I am trying to understand John Lee's derivation of equation 3.11, which shows how tangent basis vectors on a smooth manifold are transformed under a change of coordinates.
He starts with the following setup: let $M^n$ be a smooth manifold and $(U,\varphi)$ and $(V,\psi)$ be charts with nonempty intersection and $p\in U\cap V$. Then let $x^i$ and $\tilde{x}^i$ be the components of the functions $\varphi:U\to \mathbb{R}^n$ and $\psi:V\to \mathbb{R}^n$ so that $\forall q\in U\cap V,\: \varphi(q) = (x^1(q),\ldots,x^n(q))$ and $\psi(q) = (\tilde{x}^1(q),\ldots,\tilde{x}^n(q))$.
The next step is what confuses me. John Lee says with "abuse of notation" that $\psi\circ \varphi^{-1}(x)$ can be written as $(\tilde{x}^1(x),\ldots,\tilde{x}^n(x))$, where the $\tilde{x}^i$ are coordinate functions defined on an open subset of $M$ identified with an open subset of $\mathbb{R}^n$ and $x$ is a point in $\varphi(U\cap V)$.

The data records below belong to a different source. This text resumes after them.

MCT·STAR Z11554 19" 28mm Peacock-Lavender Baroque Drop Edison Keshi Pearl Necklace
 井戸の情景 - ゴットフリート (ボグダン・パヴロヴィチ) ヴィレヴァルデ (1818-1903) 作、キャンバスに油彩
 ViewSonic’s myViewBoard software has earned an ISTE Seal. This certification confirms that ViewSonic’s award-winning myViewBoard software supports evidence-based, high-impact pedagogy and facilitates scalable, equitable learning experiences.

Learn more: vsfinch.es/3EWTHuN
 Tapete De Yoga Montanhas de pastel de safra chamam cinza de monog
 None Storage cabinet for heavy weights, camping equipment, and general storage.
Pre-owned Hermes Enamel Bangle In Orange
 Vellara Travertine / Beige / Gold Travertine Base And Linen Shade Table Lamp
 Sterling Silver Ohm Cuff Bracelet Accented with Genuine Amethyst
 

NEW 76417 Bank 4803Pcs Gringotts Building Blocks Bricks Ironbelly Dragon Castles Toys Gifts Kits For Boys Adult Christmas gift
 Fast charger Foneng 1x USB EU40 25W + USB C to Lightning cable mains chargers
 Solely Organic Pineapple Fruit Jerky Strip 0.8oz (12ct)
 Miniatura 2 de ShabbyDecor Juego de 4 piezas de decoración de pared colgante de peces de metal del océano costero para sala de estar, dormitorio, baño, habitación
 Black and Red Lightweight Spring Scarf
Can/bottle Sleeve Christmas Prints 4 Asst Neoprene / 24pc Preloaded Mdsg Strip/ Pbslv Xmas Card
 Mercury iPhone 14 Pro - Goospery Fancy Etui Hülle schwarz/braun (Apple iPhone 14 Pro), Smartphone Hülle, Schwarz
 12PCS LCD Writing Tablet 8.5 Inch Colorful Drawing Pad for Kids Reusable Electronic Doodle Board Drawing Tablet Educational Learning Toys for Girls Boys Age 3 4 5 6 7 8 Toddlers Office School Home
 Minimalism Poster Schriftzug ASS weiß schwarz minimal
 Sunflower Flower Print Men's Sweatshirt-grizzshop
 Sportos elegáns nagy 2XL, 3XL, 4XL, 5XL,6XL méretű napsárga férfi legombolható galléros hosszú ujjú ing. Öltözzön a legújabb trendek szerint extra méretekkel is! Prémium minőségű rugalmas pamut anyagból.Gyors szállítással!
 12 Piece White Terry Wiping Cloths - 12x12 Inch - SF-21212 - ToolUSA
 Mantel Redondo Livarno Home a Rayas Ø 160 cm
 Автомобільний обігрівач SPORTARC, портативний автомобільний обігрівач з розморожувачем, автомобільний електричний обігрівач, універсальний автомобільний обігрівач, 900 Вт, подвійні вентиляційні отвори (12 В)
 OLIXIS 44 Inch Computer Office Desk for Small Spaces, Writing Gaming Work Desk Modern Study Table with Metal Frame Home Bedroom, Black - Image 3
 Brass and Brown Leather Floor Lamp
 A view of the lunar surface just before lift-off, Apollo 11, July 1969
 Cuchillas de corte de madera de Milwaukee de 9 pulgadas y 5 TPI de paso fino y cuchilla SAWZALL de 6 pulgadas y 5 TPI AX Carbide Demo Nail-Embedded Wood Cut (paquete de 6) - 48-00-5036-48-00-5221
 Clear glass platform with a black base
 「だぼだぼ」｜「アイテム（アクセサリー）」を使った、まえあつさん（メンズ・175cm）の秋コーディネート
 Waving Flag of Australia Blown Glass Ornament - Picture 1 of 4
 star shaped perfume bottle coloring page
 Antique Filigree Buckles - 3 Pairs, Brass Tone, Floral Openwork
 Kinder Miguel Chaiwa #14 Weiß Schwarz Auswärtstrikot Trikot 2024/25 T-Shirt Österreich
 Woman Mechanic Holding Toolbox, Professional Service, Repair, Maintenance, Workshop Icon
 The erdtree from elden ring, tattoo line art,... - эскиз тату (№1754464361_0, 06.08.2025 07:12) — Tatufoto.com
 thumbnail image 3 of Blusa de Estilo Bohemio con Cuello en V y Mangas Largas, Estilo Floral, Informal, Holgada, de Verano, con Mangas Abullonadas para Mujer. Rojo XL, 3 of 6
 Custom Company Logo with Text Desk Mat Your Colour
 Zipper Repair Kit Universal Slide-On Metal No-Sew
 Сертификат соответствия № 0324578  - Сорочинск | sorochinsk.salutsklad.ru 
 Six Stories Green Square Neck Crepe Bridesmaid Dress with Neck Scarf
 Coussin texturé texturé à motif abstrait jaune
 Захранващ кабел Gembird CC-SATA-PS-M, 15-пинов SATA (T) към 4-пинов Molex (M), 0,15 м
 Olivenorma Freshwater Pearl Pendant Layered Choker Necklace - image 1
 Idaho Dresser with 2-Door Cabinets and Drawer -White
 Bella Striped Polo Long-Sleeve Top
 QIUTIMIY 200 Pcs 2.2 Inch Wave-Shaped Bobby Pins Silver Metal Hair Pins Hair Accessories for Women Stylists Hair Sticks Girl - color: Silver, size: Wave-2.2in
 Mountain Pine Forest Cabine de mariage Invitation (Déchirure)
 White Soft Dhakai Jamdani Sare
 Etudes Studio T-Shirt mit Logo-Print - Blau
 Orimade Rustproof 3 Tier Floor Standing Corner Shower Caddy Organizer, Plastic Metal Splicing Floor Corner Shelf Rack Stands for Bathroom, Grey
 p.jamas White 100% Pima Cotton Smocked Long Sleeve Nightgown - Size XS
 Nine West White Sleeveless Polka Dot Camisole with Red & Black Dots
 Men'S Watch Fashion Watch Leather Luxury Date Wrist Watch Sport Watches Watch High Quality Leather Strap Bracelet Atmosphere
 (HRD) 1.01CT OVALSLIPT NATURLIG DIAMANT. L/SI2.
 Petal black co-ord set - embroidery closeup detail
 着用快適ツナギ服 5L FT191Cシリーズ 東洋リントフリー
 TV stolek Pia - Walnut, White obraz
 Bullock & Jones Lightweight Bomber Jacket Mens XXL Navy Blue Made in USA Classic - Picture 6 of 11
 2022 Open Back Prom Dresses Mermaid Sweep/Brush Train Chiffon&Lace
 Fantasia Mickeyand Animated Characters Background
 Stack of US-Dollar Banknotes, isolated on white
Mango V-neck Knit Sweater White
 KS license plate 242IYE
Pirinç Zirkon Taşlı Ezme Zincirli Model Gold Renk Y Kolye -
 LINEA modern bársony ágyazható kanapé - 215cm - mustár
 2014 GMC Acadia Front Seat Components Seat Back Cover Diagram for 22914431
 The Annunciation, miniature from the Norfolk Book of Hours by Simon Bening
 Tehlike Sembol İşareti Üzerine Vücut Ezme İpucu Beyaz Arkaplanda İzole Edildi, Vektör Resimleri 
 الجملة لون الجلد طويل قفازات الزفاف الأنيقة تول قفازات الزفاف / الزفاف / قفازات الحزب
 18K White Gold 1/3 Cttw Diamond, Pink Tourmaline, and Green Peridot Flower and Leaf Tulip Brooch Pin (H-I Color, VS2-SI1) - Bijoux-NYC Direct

Is the following interpretation of the above statement correct? Let $x\in \varphi(U\cap V)$. Then $\psi\circ \varphi^{-1}(x) = (\tilde{x}^1(\varphi^{-1}(x)),\ldots,\tilde{x}^n(\varphi^{-1}(x))) = ((\tilde{x}^1\circ \varphi^{-1})(x),\ldots,(\tilde{x}^n\circ \varphi^{-1})(x))$. Then with abused notation, $\tilde{x}^i$ (whose domain is "identified with" a subset of $\mathbb{R}^n$) really refers to the function $\tilde{x}^i\circ \varphi^{-1}: \varphi(U\cap V)\to \mathbb{R}$.
After this, he writes the following equation: $$d(\psi\circ\varphi^{-1})_{\varphi(p)}\left(\frac{\partial}{\partial x^i}\Bigr|_{\varphi(p)}\right) = \frac{\partial \tilde{x}^j}{\partial x^i}(\varphi(p)) \frac{\partial}{\partial \tilde{x}^j}\Bigr|_{\psi(p)}$$
I think that the above follows from the formula for the differential defined in Euclidean space (3.9) plus the interpretation of $\tilde{x}^i$ as a map between Euclidean spaces. Is this correct?
Thanks in advance